Assignment:
Your answer should be an exact copy of the lines from the one containing "Center Smock Satin Dress" through the last line of the records below, without any pictures.

◇ ◇ ◇ ◇ ◇

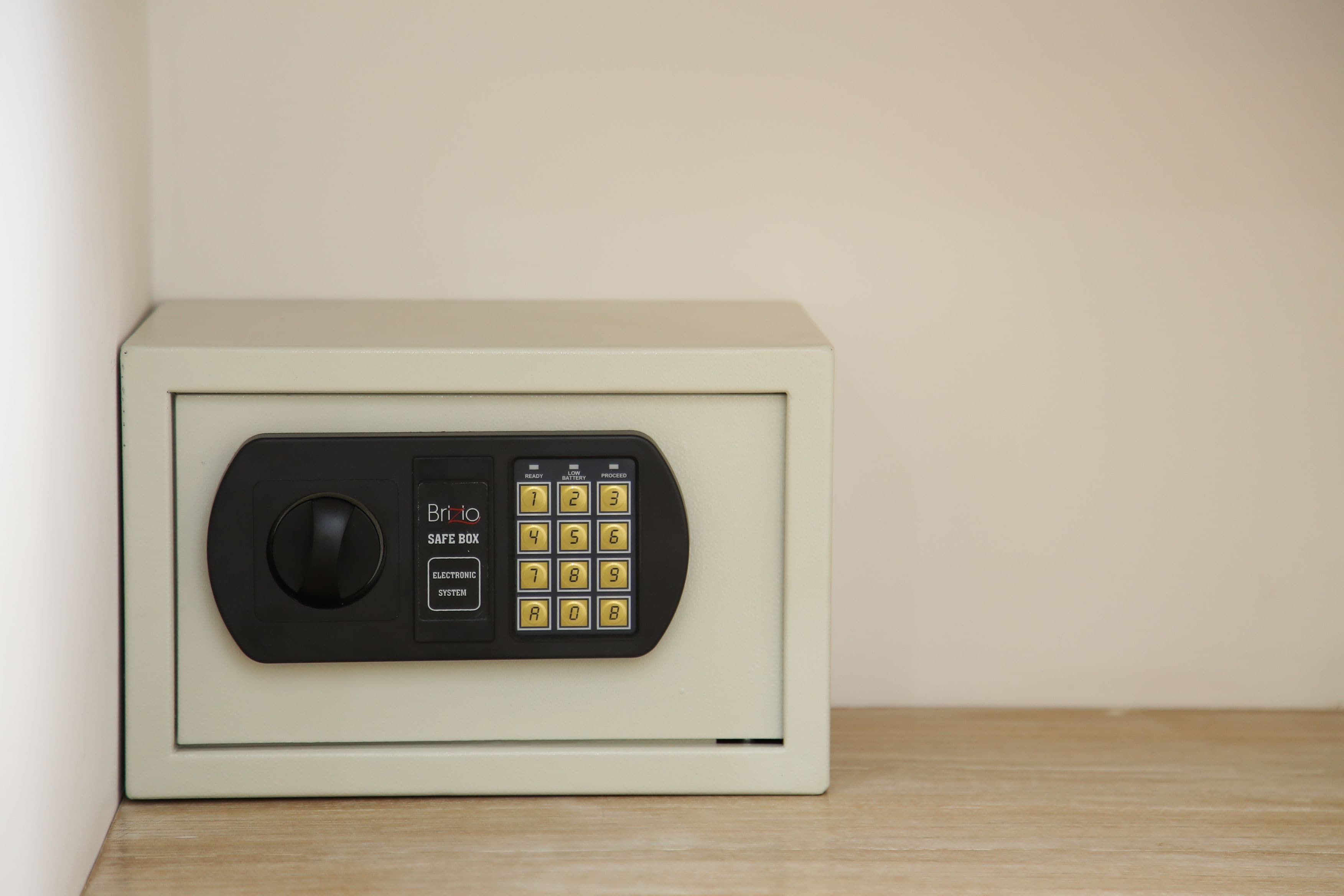 A safe with a keypad and a dial lock, labeled "Brizo Safe Box" and "Electronic System."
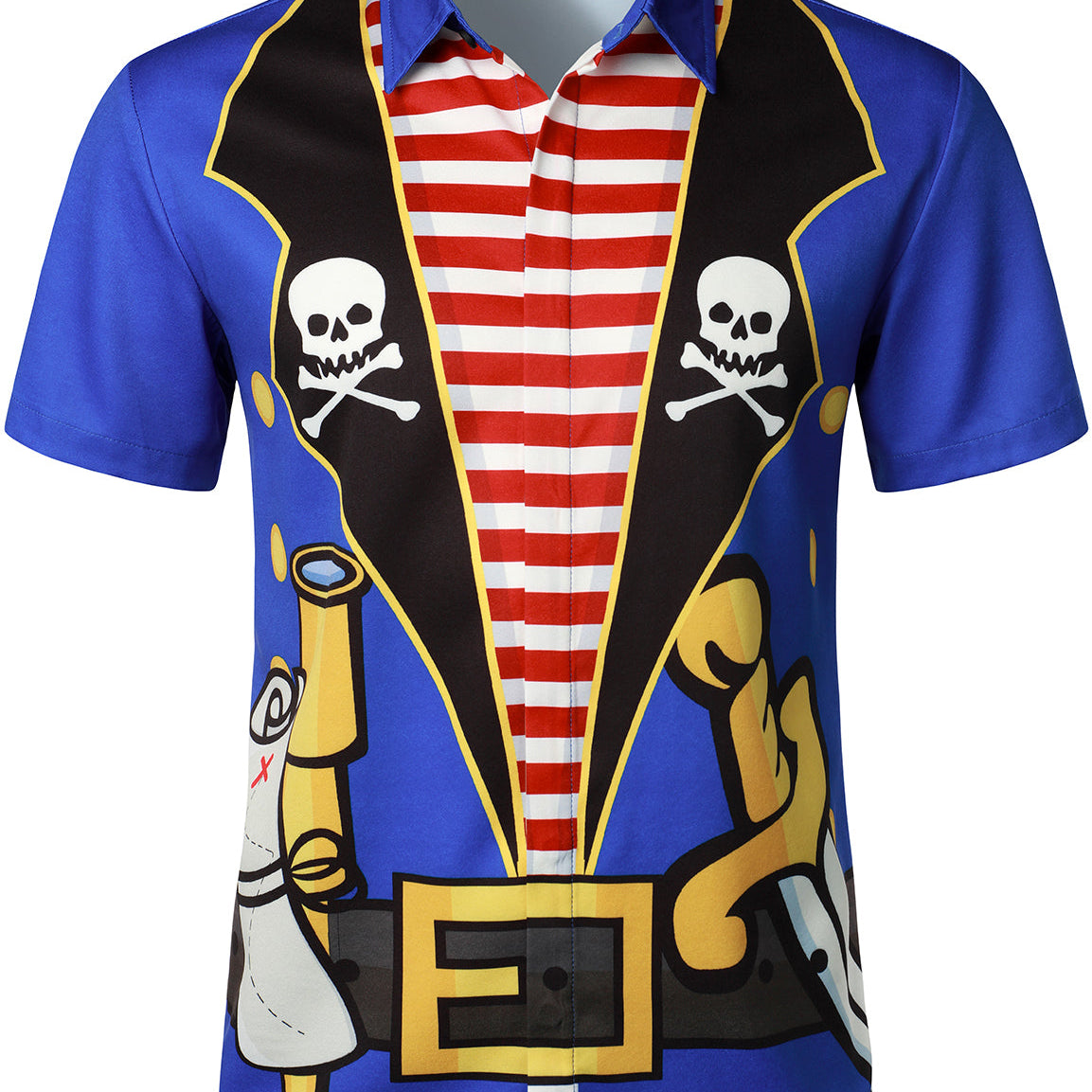 Costume de crâne de pirate pour homme Art Bleu foncé Croisière des Caraïbes Soirée à thème Halloween Chemise à manches courtes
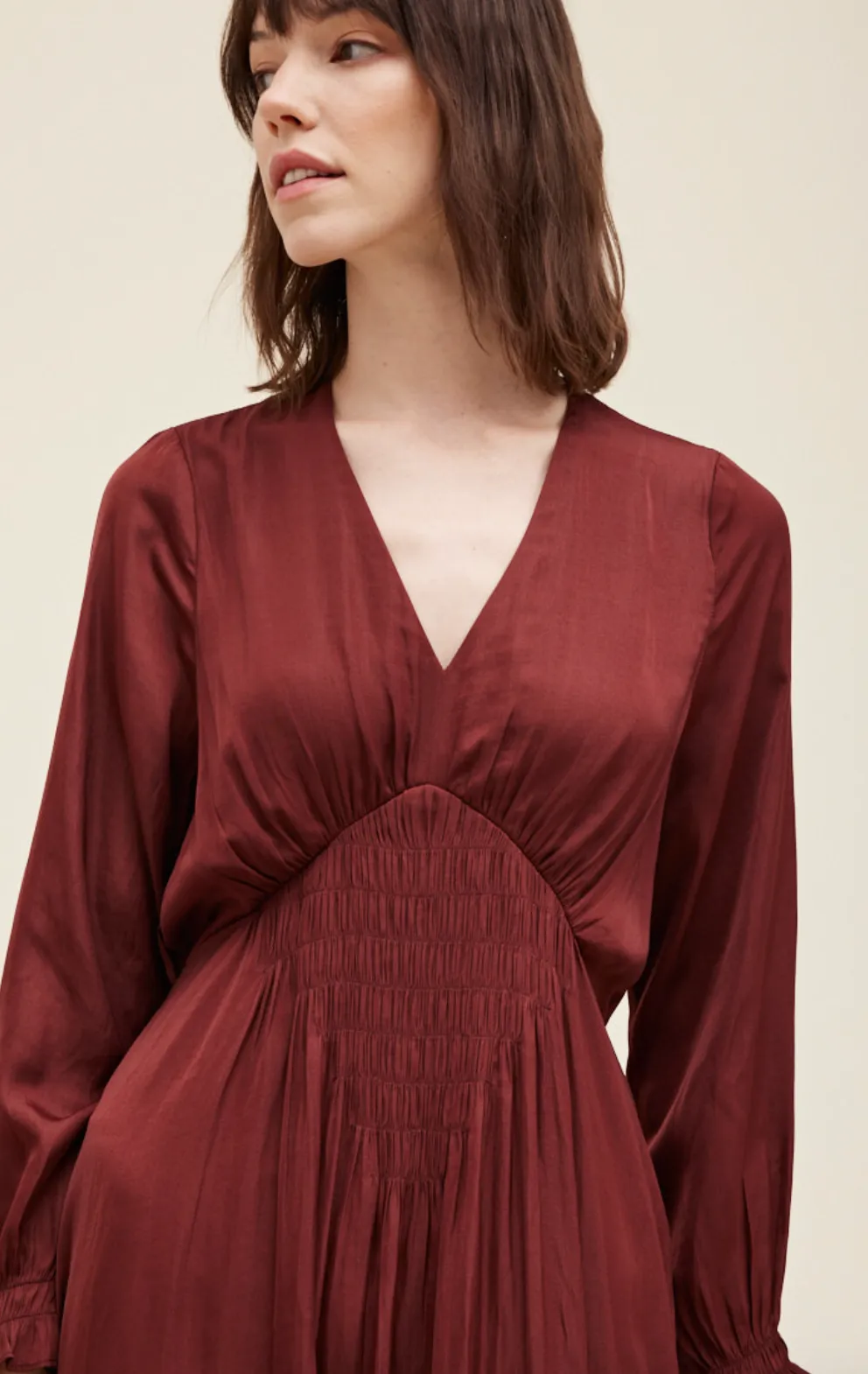 Center Smock Satin Dress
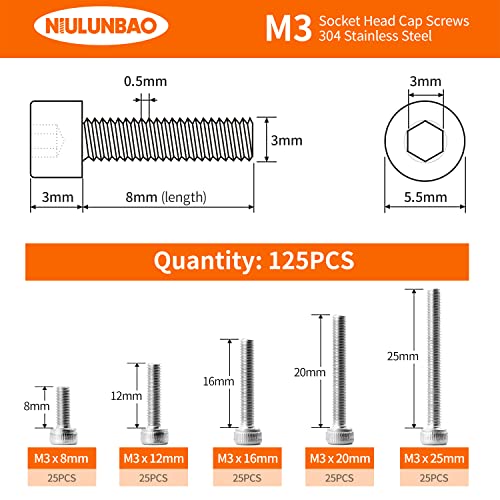 M3 x 8mm 12mm 16mm 20mm 25mm Hex Socket Head Cap Screws Bolts, 304 Stainless Steel, Metric Machine Fully Threaded, Bright Finish, Allen Hex Drive, Assortment Kit 125PCS - size: M3 x 8/12/16/20/25mm (125PCS)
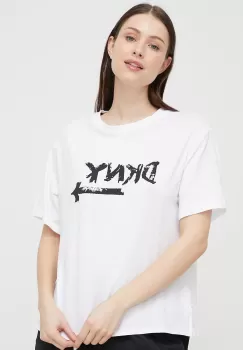 Dkny tricou de pijama culoarea alb imagine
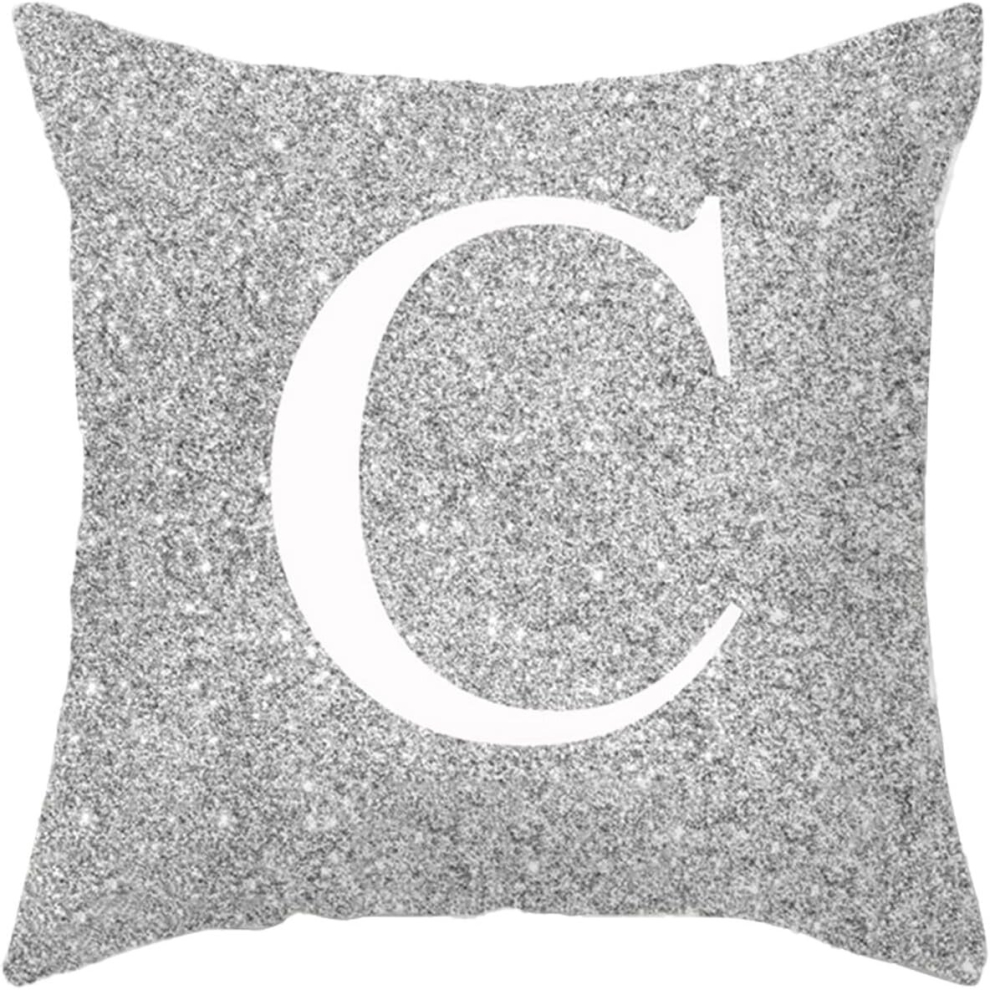 Room Decoration Letter Cushion English Alphabet Pillowcases Coral Throw Pillows for Bed (C, One Size)-image-OPC-PCSHJZV-NEW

◇ ◇ ◇ ◇ ◇

Written reply:
 Center Smock Satin Dress
 M3 x 8mm 12mm 16mm 20mm 25mm Hex Socket Head Cap Screws Bolts, 304 Stainless Steel, Metric Machine Fully Threaded, Bright Finish, Allen Hex Drive, Assortment Kit 125PCS - size: M3 x 8/12/16/20/25mm (125PCS)
 Dkny tricou de pijama culoarea alb imagine
 Room Decoration Letter Cushion English Alphabet Pillowcases Coral Throw Pillows for Bed (C, One Size)-image-OPC-PCSHJZV-NEW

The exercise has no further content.